ウルトラブースト日記

僕は右利きだが、スマホはいつも左手で使う。だから、スマホに入ったPASMOを改札機にタッチするときは毎回フラストレーションを覚える。

少し仕事の余裕ができたので、久しぶりに外に出かける。渋谷に向かうため電車に乗ると、気分が少し鬱々としてきた。そういえば僕は、電車に乗っている時間があまり好きではなかった。そんなことも忘れていた。

adidasのスニーカーを買いに来た。ウルトラブーストというランニングシューズが狙い。ランニングを始めるわけではなく、普段履きとして使うためだ。

僕は以前、ひどくスニーカーにハマっていて、今となってはちょっとどうかしていると思うほどの数を買っていた。しかしその大半はもう手放してしまった。気持ちの赴くままに手をつけていたけど、いつまでも履き続けたいと思えるものはほとんどなかったのだ。その時の気分に任せて靴を買っても、僕の気分の方はすぐに変わってしまう。でもその一方で、履き心地が好きだと思える靴は変わらなかった。当然と言えば当然かもしれない。

最近になって、ウルトラブーストというやつはすこぶる履き心地がよいという評判を目にした。そのせいで、ふたたび気持ちが昂ってしまった。見た目としても割と好きな形だった。どうやら僕はランニング用っぽい形が好きらしく、これまでもそういうものばかり買ってきた。よくあるバッシュ系は一つも買ったことがない。

店にいるスタッフは全員サッカーのユニフォームを着ていた。それがなぜなのかがしばらくわからなかった。

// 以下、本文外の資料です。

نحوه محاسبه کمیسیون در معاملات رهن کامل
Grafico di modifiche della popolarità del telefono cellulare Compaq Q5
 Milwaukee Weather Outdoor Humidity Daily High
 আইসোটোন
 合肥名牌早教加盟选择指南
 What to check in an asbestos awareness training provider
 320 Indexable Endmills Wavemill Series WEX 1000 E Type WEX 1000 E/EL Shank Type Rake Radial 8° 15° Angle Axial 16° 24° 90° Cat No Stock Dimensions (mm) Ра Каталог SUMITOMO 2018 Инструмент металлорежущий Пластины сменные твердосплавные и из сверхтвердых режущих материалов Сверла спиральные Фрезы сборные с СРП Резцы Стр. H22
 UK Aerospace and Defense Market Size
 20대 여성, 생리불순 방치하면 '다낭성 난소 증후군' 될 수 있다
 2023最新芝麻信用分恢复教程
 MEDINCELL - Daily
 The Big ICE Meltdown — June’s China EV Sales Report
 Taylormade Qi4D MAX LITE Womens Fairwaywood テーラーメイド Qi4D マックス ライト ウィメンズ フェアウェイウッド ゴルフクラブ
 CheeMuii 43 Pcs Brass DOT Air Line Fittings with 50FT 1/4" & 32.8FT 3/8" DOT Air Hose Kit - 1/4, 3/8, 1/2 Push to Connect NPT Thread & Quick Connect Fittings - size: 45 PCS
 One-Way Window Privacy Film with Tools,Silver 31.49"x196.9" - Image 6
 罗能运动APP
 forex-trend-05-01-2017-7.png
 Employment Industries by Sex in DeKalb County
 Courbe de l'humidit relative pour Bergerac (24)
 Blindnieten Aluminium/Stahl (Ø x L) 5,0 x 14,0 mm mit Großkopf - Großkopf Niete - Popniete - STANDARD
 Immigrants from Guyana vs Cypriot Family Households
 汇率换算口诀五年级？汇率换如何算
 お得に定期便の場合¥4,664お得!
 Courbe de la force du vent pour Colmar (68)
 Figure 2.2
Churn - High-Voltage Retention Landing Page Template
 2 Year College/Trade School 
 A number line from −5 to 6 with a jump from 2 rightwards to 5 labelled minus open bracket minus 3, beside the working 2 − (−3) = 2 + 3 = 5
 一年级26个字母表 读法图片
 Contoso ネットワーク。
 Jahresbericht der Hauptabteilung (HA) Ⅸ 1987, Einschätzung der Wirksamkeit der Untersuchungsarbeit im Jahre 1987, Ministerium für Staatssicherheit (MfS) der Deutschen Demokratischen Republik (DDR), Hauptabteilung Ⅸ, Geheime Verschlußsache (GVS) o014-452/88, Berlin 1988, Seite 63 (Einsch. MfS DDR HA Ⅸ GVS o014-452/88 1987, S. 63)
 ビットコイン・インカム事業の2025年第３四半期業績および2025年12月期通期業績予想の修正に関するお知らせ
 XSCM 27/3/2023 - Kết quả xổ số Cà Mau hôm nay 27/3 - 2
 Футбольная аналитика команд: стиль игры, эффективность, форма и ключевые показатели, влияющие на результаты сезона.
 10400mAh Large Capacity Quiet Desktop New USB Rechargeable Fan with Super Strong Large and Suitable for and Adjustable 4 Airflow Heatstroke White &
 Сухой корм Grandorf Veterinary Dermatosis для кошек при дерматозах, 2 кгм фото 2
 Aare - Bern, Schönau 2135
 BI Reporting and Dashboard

ウルトラブーストを見つけたので、いざ履いてみる。たしかにいい感じがする。普通の靴と大きく違うのが、アッパー全体がニット生地になっていて、大袈裟に言えば靴下みたいに足にフィットするところ。ニット生地の靴はたまに見かけるけど、総じて独特のフィット感がある。快適なものも多いけど、このモデルはちょっと着圧が強すぎる。ランニング用だからだろうけど、一日ずっと履くにはつらいだろう。

残念ながら今回は断念かと思いかけたところ、近くにあった、ウルトラブースト DNAという別シリーズが目に入った。ライフスタイル向けのウルトラブーストということらしい。手に取って調べてみると、アッパーが普通の靴とニット系の合いの子のような作りになっていた。このおかげで、強い着圧に頼らずに足をホールドできる。というのも、純粋なニットとして足をホールドしようとすると、立体的な構造として足型を包み込むことができなくて、着圧に頼らざるを得なくなるからだ。かれこれ一時間近く悩んでから、意を決してこれに決めた。

ウルトラブースト以外のスニーカーも眺めてみて、「ああ、これ欲しいな」と思うこともあったけど、もちろん買わなかった。それは自分が買うべきものではないとわかっているので。今になって考えてみると、気になったスニーカーがあっても別に買わなくてもいい。店に飾られているものを眺めているだけで十分楽しめるから。というか、むしろその時間が気持ちの一番のピークなのだと思う。それに、自分の狭い家に飾って満足するよりも、暇があるときにいろんな店を巡ってたくさんのスニーカーを見た方が多幸感がある。

その後、帰路にある「いきなり!ステーキ」に入った。この数年で、出かけた帰りには立ち寄るのが当たり前になった。普通に出社する生活になればこの習慣もなくなるかもしれない。

家に着いてから、改めて履いて外を歩いてみた。家に帰ってから冷静になると、「なんか違う」となることがたまにあるけど、幸い今回はそうならなかった。足と一体化して、肌の一部になったと錯覚するほどよくフィットするし、足の運びが本当に軽くなった。これからも長く履いていけそうなので満足している。